[Opening DATA BELOW section]

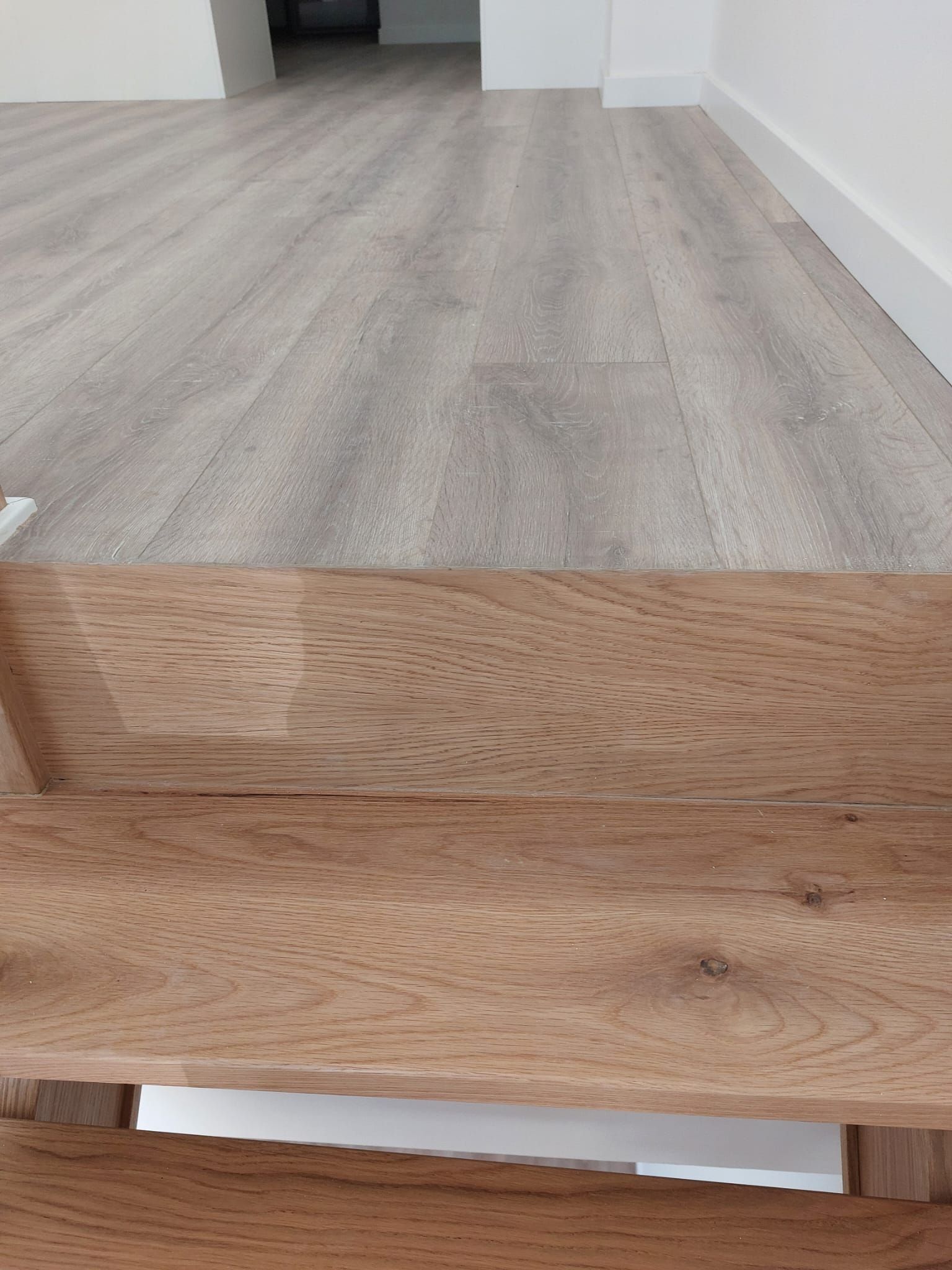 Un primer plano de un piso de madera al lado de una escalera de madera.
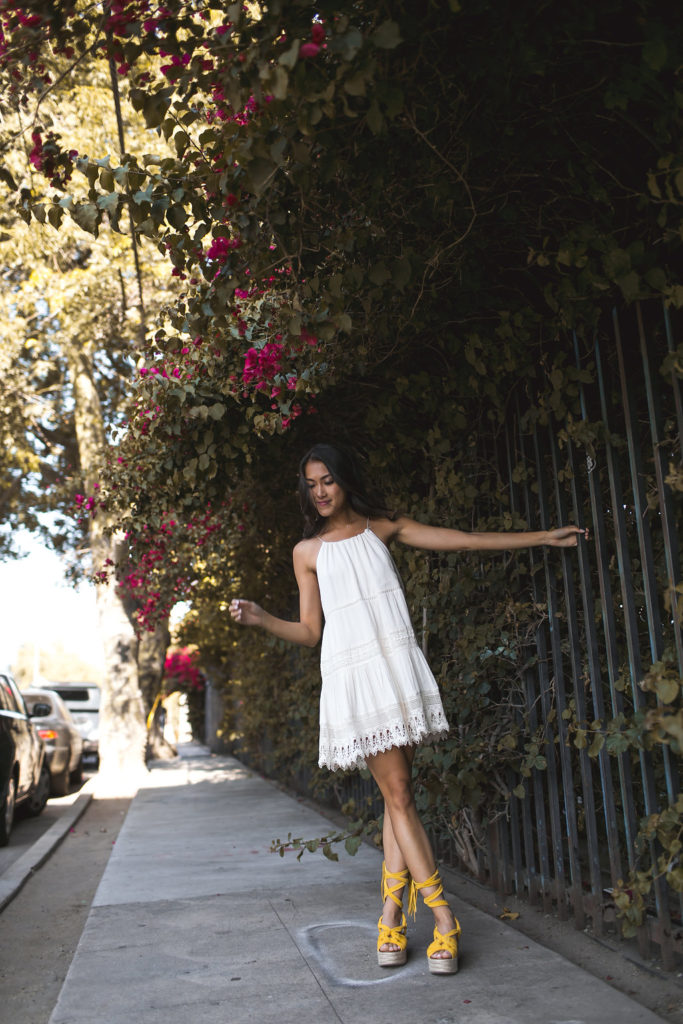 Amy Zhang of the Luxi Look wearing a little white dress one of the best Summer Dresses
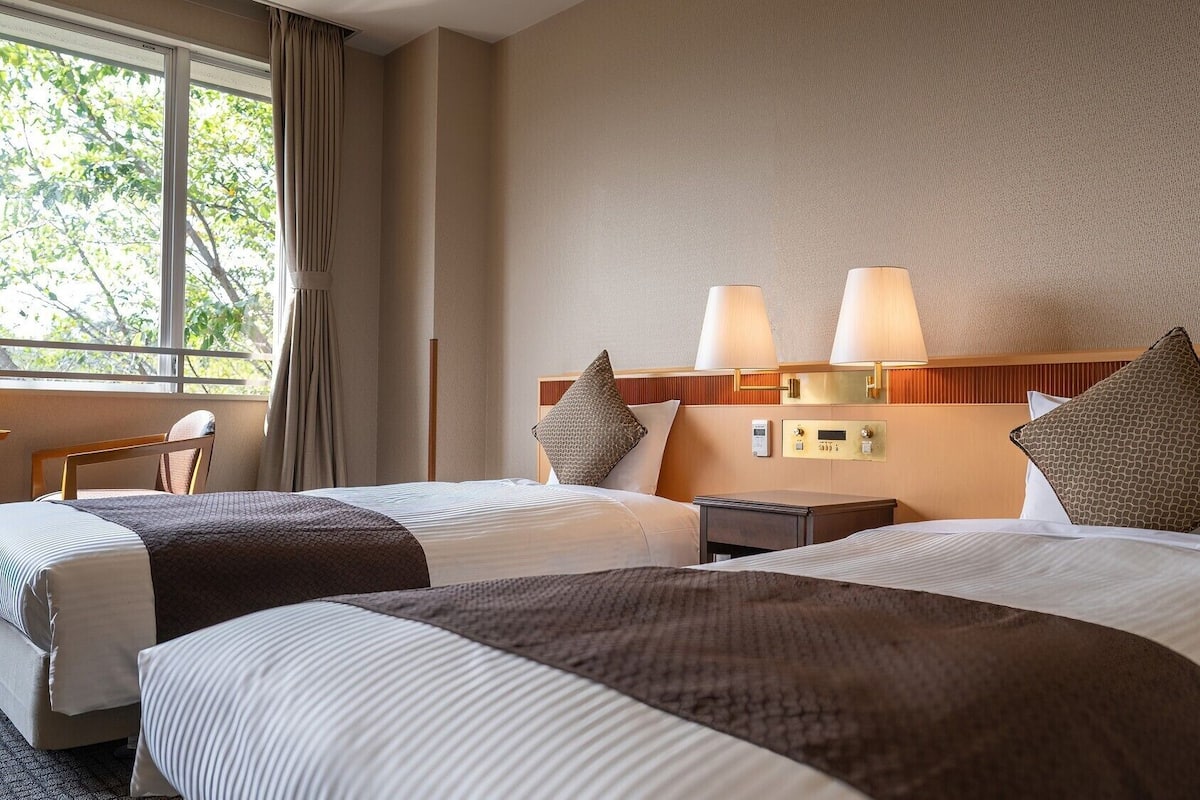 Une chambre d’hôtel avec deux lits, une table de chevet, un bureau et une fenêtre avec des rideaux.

[Closing DATA BELOW section]

● WORK TASK
Rewrite the data above exactly as given, but omit the images.

● EXERCISE RESULT
 Un primer plano de un piso de madera al lado de una escalera de madera.
 Amy Zhang of the Luxi Look wearing a little white dress one of the best Summer Dresses
 Une chambre d’hôtel avec deux lits, une table de chevet, un bureau et une fenêtre avec des rideaux.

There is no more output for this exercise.